Anatoli Fedorov

Personal information
- Born: 15 January 1936
- Died: 20 September 2012 (aged 76) Petrozavodsk, Russia

Sport
- Sport: Rowing

Medal record
Men's rowing
Representing Soviet Union
World Championships
| Bronze medal – third place | 1962 Lucerne | Coxed four |
European Rowing Championships
| Silver medal – second place | 1961 Prague | Coxed four |
| Bronze medal – third place | 1965 Duisburg | Coxless pair |
| Gold medal – first place | 1969 Klagenfurt | Coxless four |
| Bronze medal – third place | 1971 Copenhagen | Coxed four |

= Anatoli Fedorov =

Soviet rower and coach (1936–2012)

Anatoli Stepanovich Fedorov (Анатолий Степанович Фёдоров) (15 January 1936 – 20 September 2012) was a Soviet and Russian rower and rowing coach.
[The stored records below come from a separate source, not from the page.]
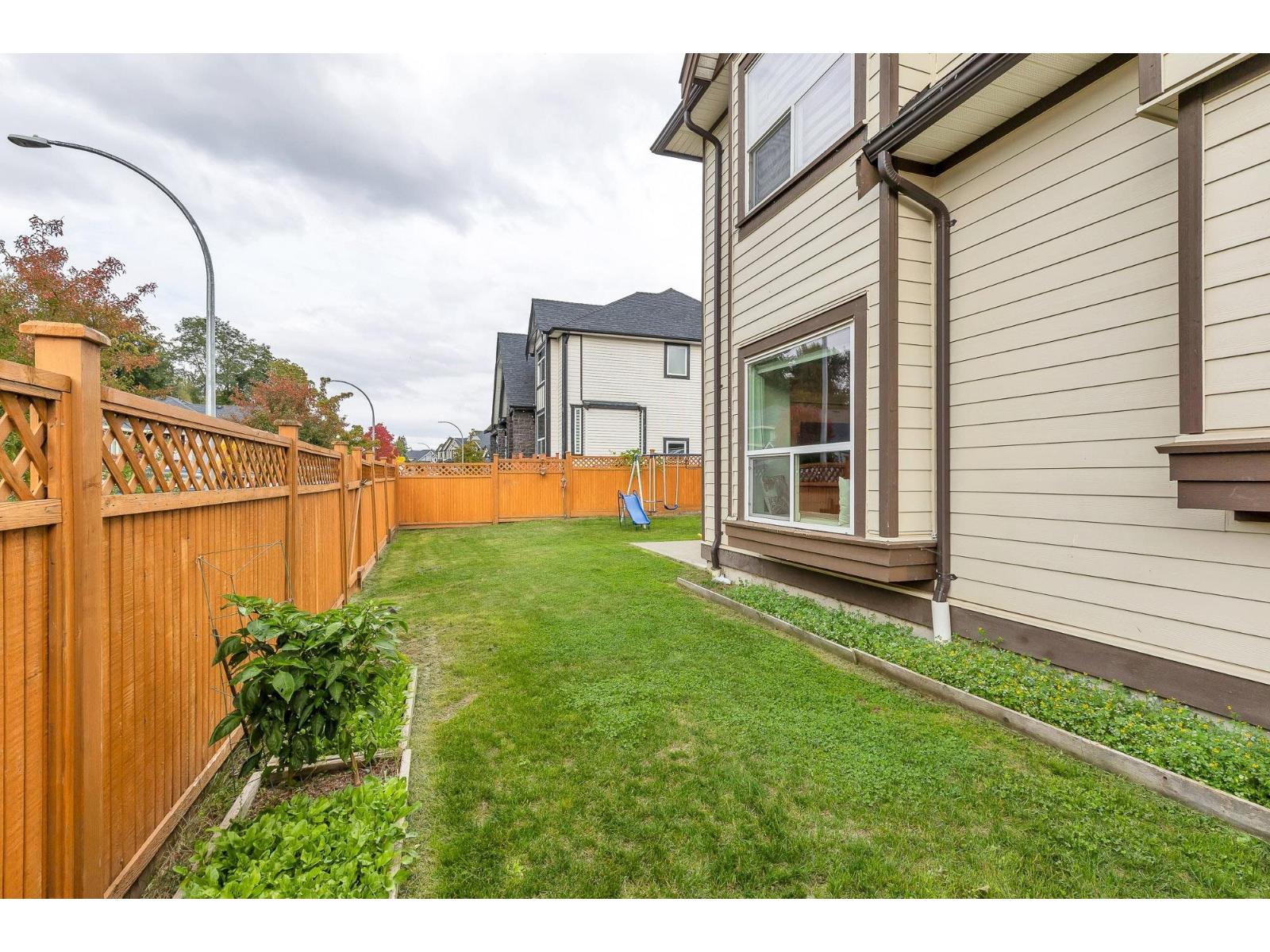 27625 Railcar Crescent Property Photo 40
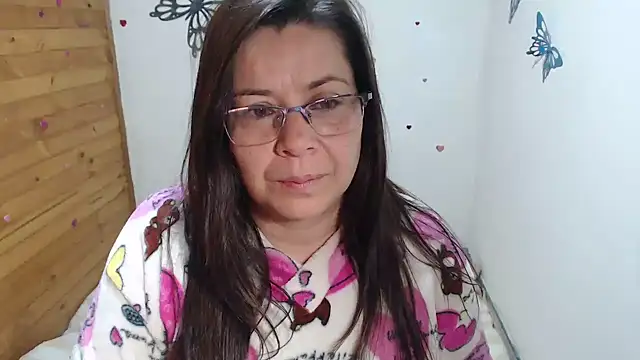 Snapshot of lilisa777 chatting on 07-10-26, 09:31 lilisa777 online show from 07-10-26, 09:31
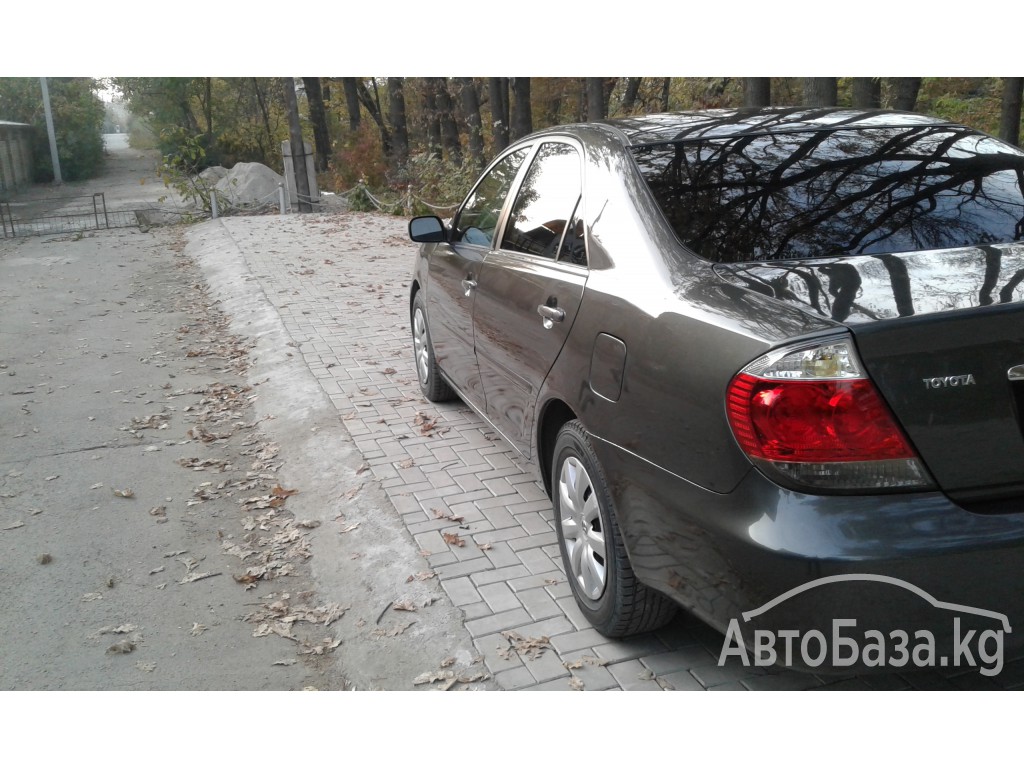 Toyota Camry 2005 года за ~888 000 сом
Fedorov competed at the 1961 European Rowing Championships with the coxed four and won silver. He won a bronze medal at the 1962 World Rowing Championships in Lucerne with the coxed four. He won a bronze medal at the 1971 European Rowing Championships with the coxed four.

He died in 2012 in Petrozavodsk, Russia.